Gov. Jon Huntsman Jr. and GOP legislators say they want to make Utah's liquor laws a little less odd and at the same time reduce the amount of alcohol potentially available in mixed drinks.

But some bar owners say the proposal may actually make the laws even more weird, ban many mixed drinks they now offer and end up making more patrons drunk more quickly.

Huntsman and legislators are proposing to eliminate smaller side shots, sometimes called "sidecars," that Utah drinkers now may order and pour into their main cocktails to add size, variety and zip.

In exchange for banning sidecars, lawmakers would allow more alcohol into primary mixed drinks — but a patron could have only one drink at a time before him or her.

"The trade-off was to get rid of sidecars but have a mixed drink that would meet most of what is expected in other states," said Senate President John Valentine, R-Orem. "I think it will help our tourism industry" by eliminating the somewhat odd sidecars.

He added that the change would help "make Utah's liquor laws make sense in a way that people from other states will understand but also in a way that discourages consumption" by potentially allowing less alcohol overall in a mixed drink.

Currently, the law allow bars or restaurants to serve a mixed drink that contains one ounce of alcohol in the primary pour, plus up to 1.75 ounces of "flavoring" with other alcoholic spirits. Then patrons can also order a "sidecar," or another one-ounce shot of alcohol that they may add to the main cocktail.

Under the new proposal that eliminates sidecars, mixed drinks could have a primary pour of up to 1.5 ounces of alcohol plus a half ounce of flavoring.

Senate Majority Leader Curt Bramble, R-Provo, said the change means mixed drinks could have up to 2 ounces of alcohol (including spirit flavorings), instead of the 2.75 ounces they could have under current law if a sidecar shot were added.

Dave Morris, owner of the Piper Down pub and a board member of the Utah Hospitality Association, said the change could eliminate 40 percent of the specialty drinks on his menu by not allowing enough overall alcohol or volume to make them, such as Long Island teas, Long Beaches, Mai Tais and other larger tropical drinks.

He adds that the change may also make patrons drunk more easily. While about 60 percent of the drinks he sells now are one-ounce shots, he predicts they would all become the maximum-allowed 1.5 ounce shots. "Everyone's going to be doing 1.5 ounce shots, or no one will go to your bar because they will think you are a cheapskate."

So, he adds, "If you are used to having a couple of beers and a couple of shots, well, you just had one more drink than usual" because of the 50 percent higher alcoholic content in the shots. He said that could be the difference between driving drunk or not.

Morris said most people he has talked to in the hospitality industry oppose the change, but said it could help some restaurant owners that cater more to drinks like martinis. He said that contrary to what leaders say, "I think it will only increase the perception that our liquor laws are weird — especially if you can't get a lot of basic specialty drinks."

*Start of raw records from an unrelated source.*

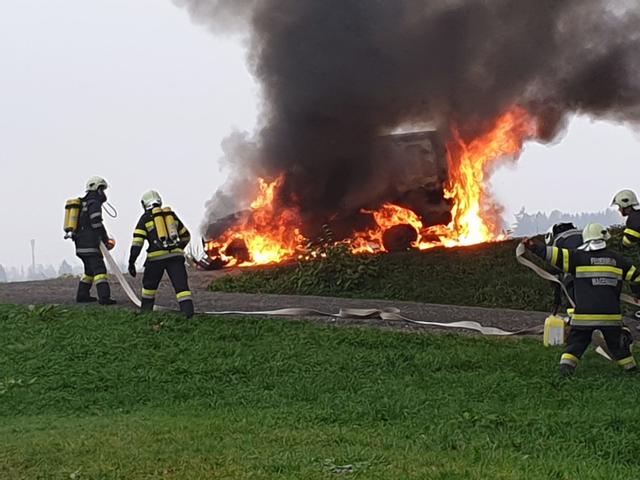 Die sieben Feuerwehren des Abschnitts sind Dank der Übung wieder bestens für den Notfall gerüstet.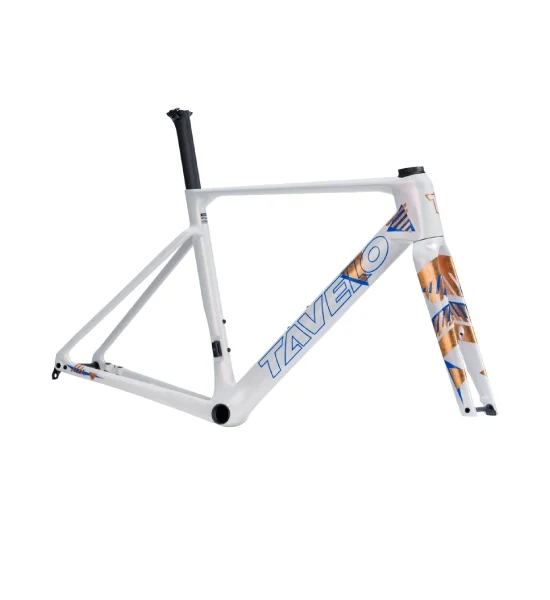 Frameset TAVELO Arow Race Geo Gold - ZZBIKE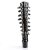 Pleaser Bota ADORE-2043 Negro Charol ElásticoEU-37 / US-7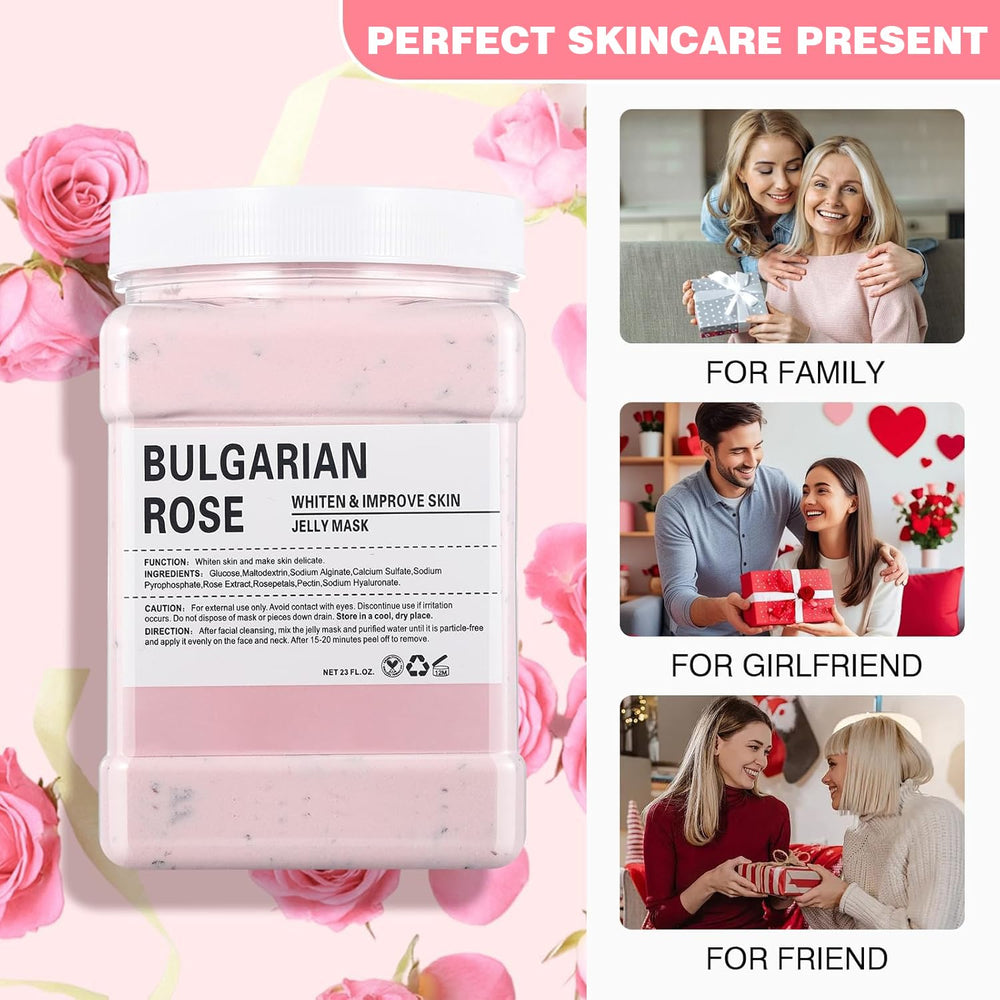 Peau douce après l'utilisation du masque gel IREV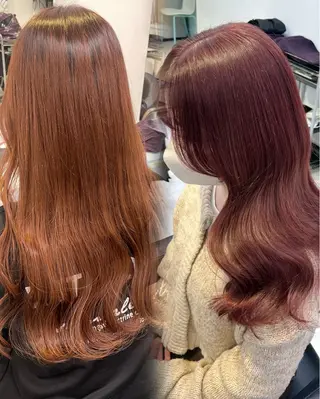 ロング ケアブリーチ🌟 ♢WATARU♢のヘアスタイル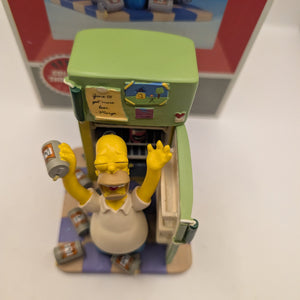 Oh Cruel Fate Homer Simpson Springfield Citizens Sculpture Collection '03 Statue with box FRENLY BRICKS - Open 7 Days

Lisa Roskelley, spokeswoman for Huntsman, said he proposed the change as a step toward helping out-of-state visitors to view Utah's liquor laws as more normal. She said normalizing alcohol laws was recommended by his transition team when he took office, and he has been working on steps ever since.

Valentine said Huntsman asked the Legislature to look at the proposal. "The governor really made a good case that we have provisions in our liquor laws that actually encourage consumption by encouraging people to buy sidecars," which brought GOP Senate leadership on board.

The Church of Jesus Christ of Latter-day Saints, which is often the proverbial, unseen 800-pound gorilla in the room on liquor issues, had no immediate comment about the proposal. But Bramble said that while legislators have not met with church leaders formally on the issue, "I suspect they are probably not against this."

The bill has not yet been written, but Senate Majority Whip Dan Eastman, R-Bountiful, opened a bill file to draft the legislation on Monday. Valentine said GOP senators plan to discuss the issue during their caucus today.

Valentine said the proposed change does not mean Utahns should expect other major liquor law changes, such as doing away with the need to join private clubs to be served liquor by the drink. Valentine said he prefers that system, because clubs can revoke memberships of those who drink too much.

However, a bill by Sen. Scott McCoy, D-Salt Lake, to allow selling alcoholic beverages on election days was endorsed Monday by the Senate Government Operations and Political Subdivisions, and now moves to the full Senate.